Dataset extract ->
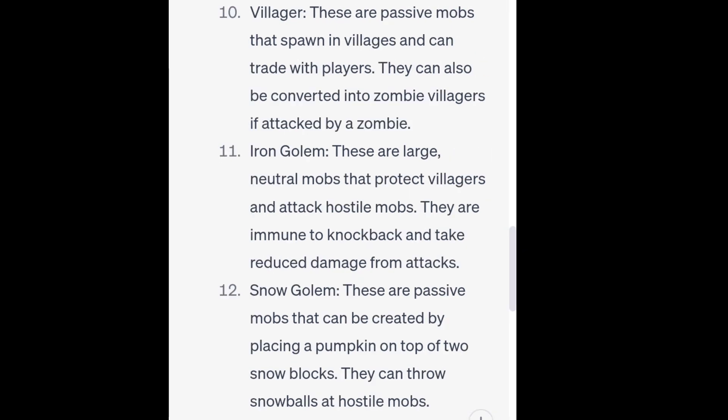10. Villager. These are passive mobs that spawn in villages and can trade with players. They can also be converted into zombie villagers if attacked by a zombie. 11. Iron Golem. These are large, neutral mobs that protect villagers and attack hostile mobs. They are immune to knockback and take reduced damage from attacks.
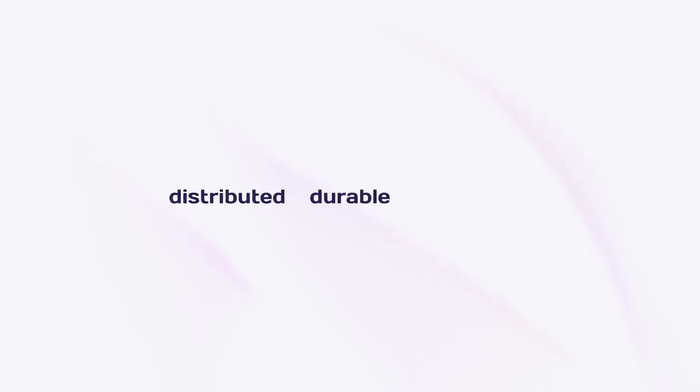Restate's core concept is distributed durable async await. Think promises and event loops like in JavaScript, Kotlin or Rust, but distributed and fault tolerant.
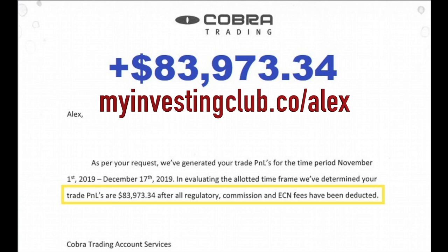Hey traders, tbradley90 here. For those who do not know, Alex took on the challenge recently of seeing how much he can grow a $30,000 account in 30 trading days. The results are in and he made $84,000 in less than 30 trading days, which turned his $30,000 account into $113,000.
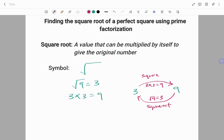Let's look at the following example and learn how to use prime factorization to find the square root of a perfect square. There are three basic steps to follow. The first step is to factorize your number into prime factors. The second step is to make pairs of similar factors. You take out one factor from each pair and find the product.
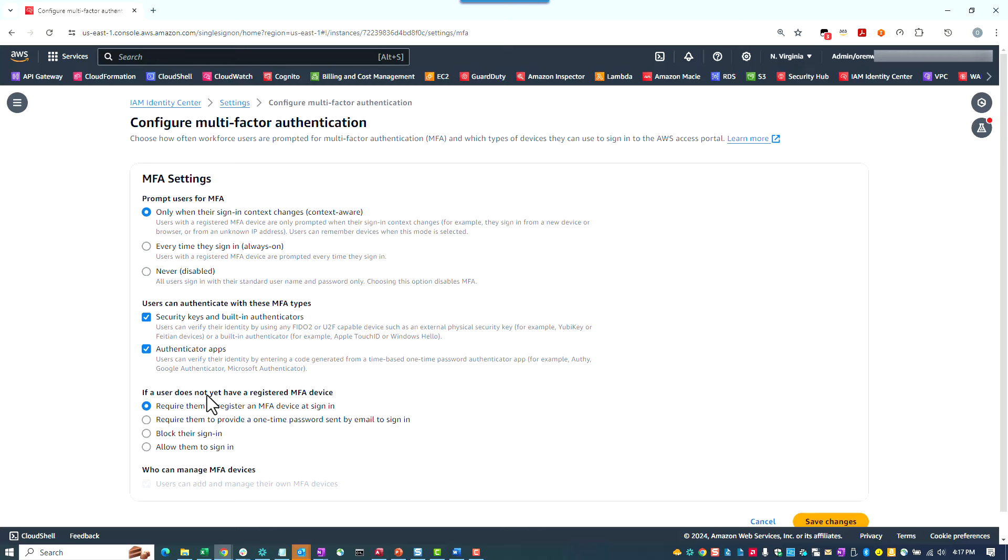In conclusion, IAM Identity Center supports industry standard MFA options including FIDO2 passkeys and virtual authenticator apps. For information about MFA settings and types, see Enable MFA in the IAM Identity Center User Guide in the links. Hope this update has been helpful, and thank you for watching.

Activity ->
Retype verbatim only the lines beginning with the line that contains "Restate's core concept" and ending with the last line of the listing above; pictures are to be excluded.

Response ->
Restate's core concept is distributed durable async await. Think promises and event loops like in JavaScript, Kotlin or Rust, but distributed and fault tolerant.
Hey traders, tbradley90 here. For those who do not know, Alex took on the challenge recently of seeing how much he can grow a $30,000 account in 30 trading days. The results are in and he made $84,000 in less than 30 trading days, which turned his $30,000 account into $113,000.
Let's look at the following example and learn how to use prime factorization to find the square root of a perfect square. There are three basic steps to follow. The first step is to factorize your number into prime factors. The second step is to make pairs of similar factors. You take out one factor from each pair and find the product.
In conclusion, IAM Identity Center supports industry standard MFA options including FIDO2 passkeys and virtual authenticator apps. For information about MFA settings and types, see Enable MFA in the IAM Identity Center User Guide in the links. Hope this update has been helpful, and thank you for watching.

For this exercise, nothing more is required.